[Input for this task]:
=-=-=

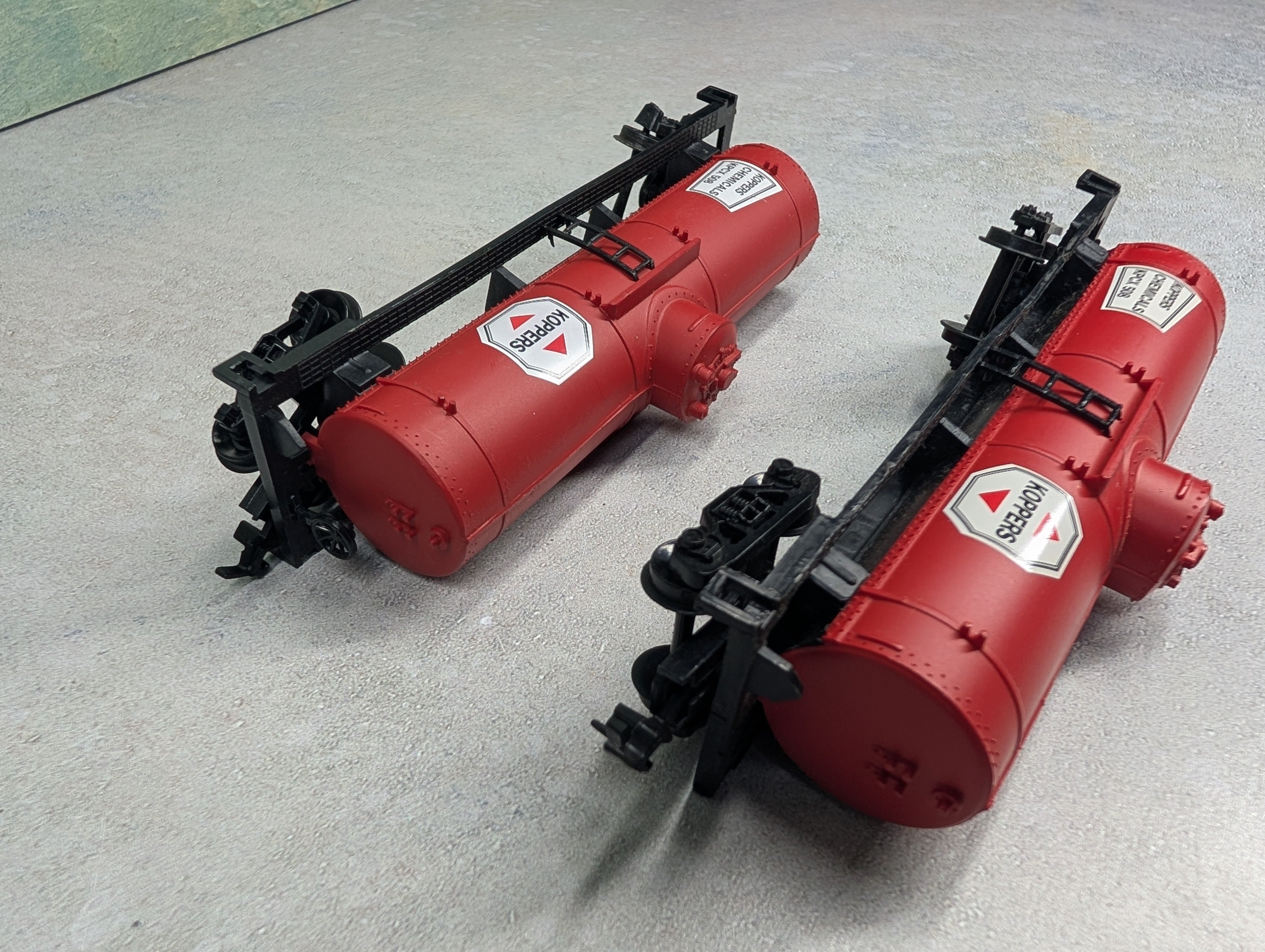 USED Life-Like HO Scale Lot of Single Dome Tank Cars Koppers KPCX #508 (2 pcs)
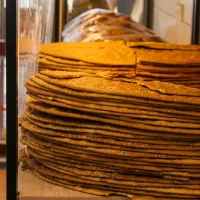 نان تافتون تنوری سنتی نان قندی جو خشک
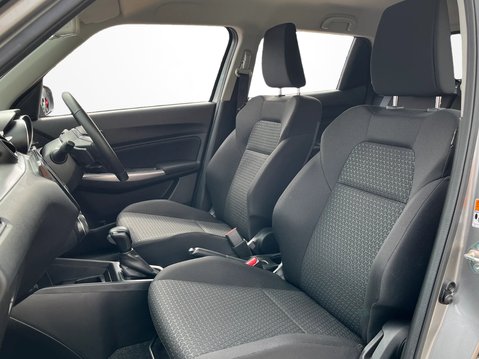 Suzuki Swift 1.2 Dualjet 83 12V Hybrid SZ5 5dr Auto 17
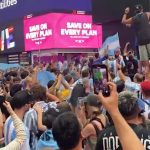 Cientos de hinchas argentinos coparon Times Square en la previa ante Chile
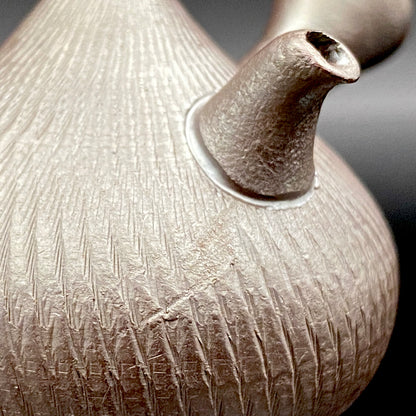 Banko Ware Traditional Craftsman, Mori Iroku IV: Purple Clay Diamond-Cut Geometric Multi-Faceted Water Dropper / Whisky Dropper #210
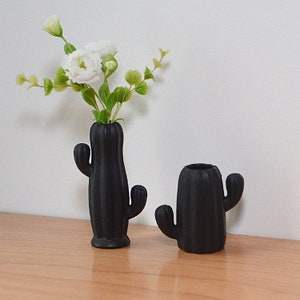 2 PCS/ Set Miniature Cactus Vase 1:6 Miniature Cactus Shape Vase Dollhouse decoration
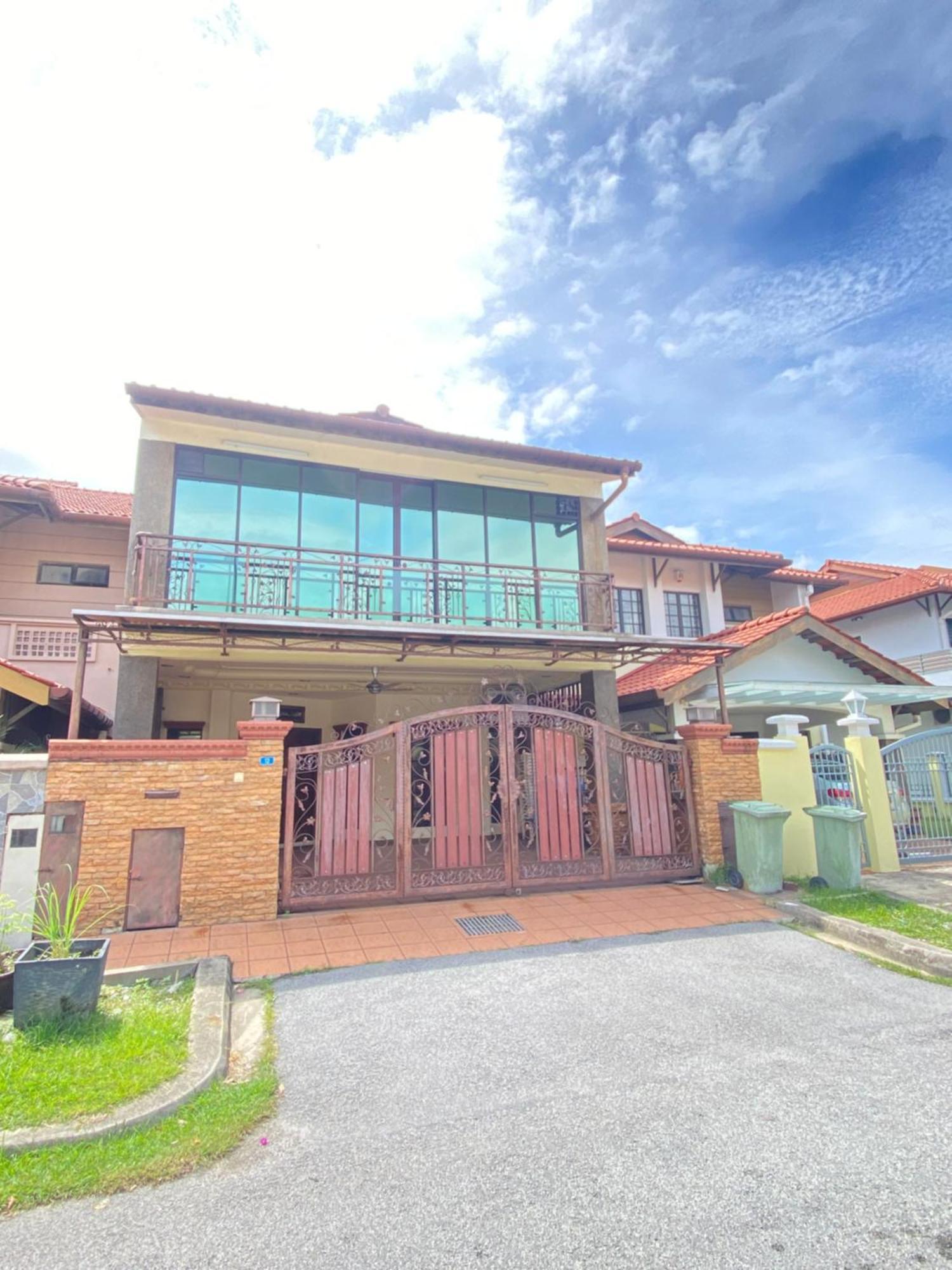 Nenda Homestay Kampong Baharu Cheras Batu Sa-Belas Exterior photo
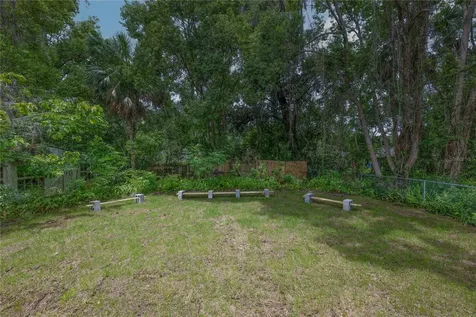 312 Albany Avenue Deland FL 32724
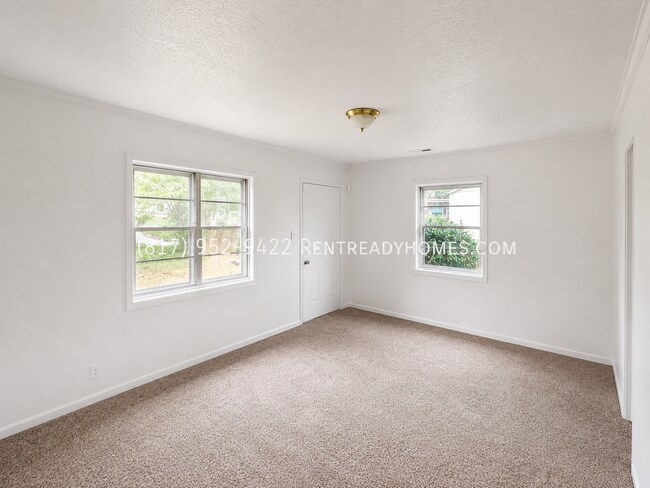 Foto del edificio - 1381 Creel Ct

=-=-=

[Your objective]: What should appear is an exact copy of the lines from the one containing "Banko Ware Traditional" through the last line of the records above, pictures excluded.

[Answer]:
 Banko Ware Traditional Craftsman, Mori Iroku IV: Purple Clay Diamond-Cut Geometric Multi-Faceted Water Dropper / Whisky Dropper #210
 2 PCS/ Set Miniature Cactus Vase 1:6 Miniature Cactus Shape Vase Dollhouse decoration
 Nenda Homestay Kampong Baharu Cheras Batu Sa-Belas Exterior photo
 312 Albany Avenue Deland FL 32724
 Foto del edificio - 1381 Creel Ct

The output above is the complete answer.